Lessons from ArriveCAN: Access to Information and Justice during a Glitch

Matt Malone (Thompson Rivers University), Lessons from ArriveCAN: Access to Information and Justice during a Glitch, Intell. Prop. J. (Forthcoming):

In summer 2022, ArriveCAN, Canada's border app mandated during the COVID-19 pandemic for travelers entering the country, began sending certain users erroneous notifications to quarantine. On July 14, 2022, the Government identified a glitch that was responsible for sending these erroneous notifications and patched it six days later. However, the Government only publicly acknowledged a glitch was responsible for sending the erroneous orders four days after that — a full 10 days after it had become aware of the problem.

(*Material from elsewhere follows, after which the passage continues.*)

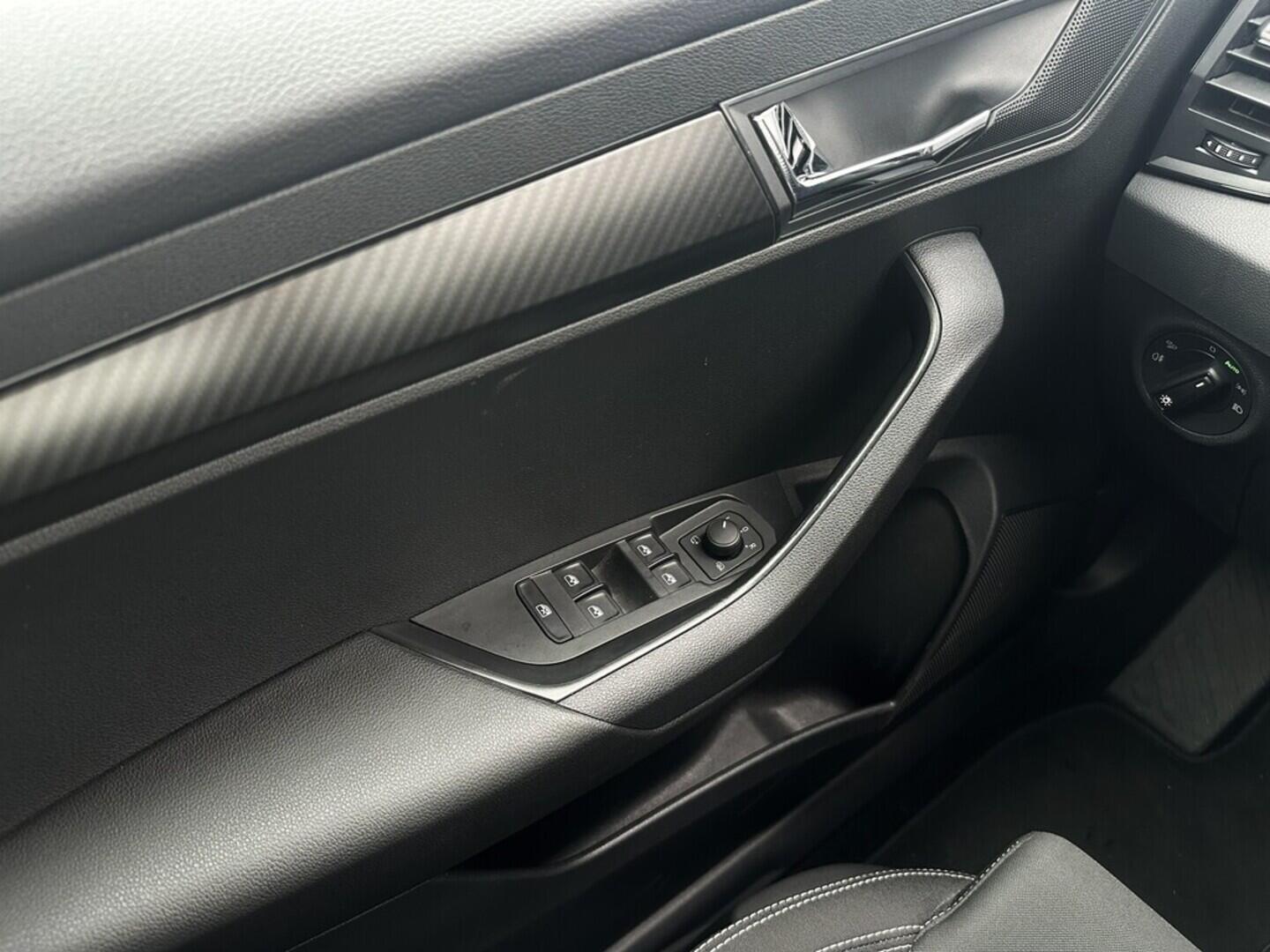 O619V07367_22.webp_KAROQ SportLine 2.0 TDI 110 kW manuál, DPH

During that time, 10,200 people received erroneous quarantine orders. These orders were not minor inconveniences. They were physical restraints on mobility enforced through the maximum penalties of the Quarantine Act. The issuance of mandatory quarantine orders by an app reliant on automated decision-making and artificial intelligence raised elevated concerns about the mandatory use of such technologies by Government. This article describes this episode from the perspective of a party seeking transparency and accountability of ArriveCAN's decision-making and highlights the interrelated access to information and justice concerns generated by the glitch and the Government's response to it. Recommendations are discussed for moving forward in the context of governmental insistence on the use of mandatory data collection, retention, and use in automated decision-making and artificial intelligence systems.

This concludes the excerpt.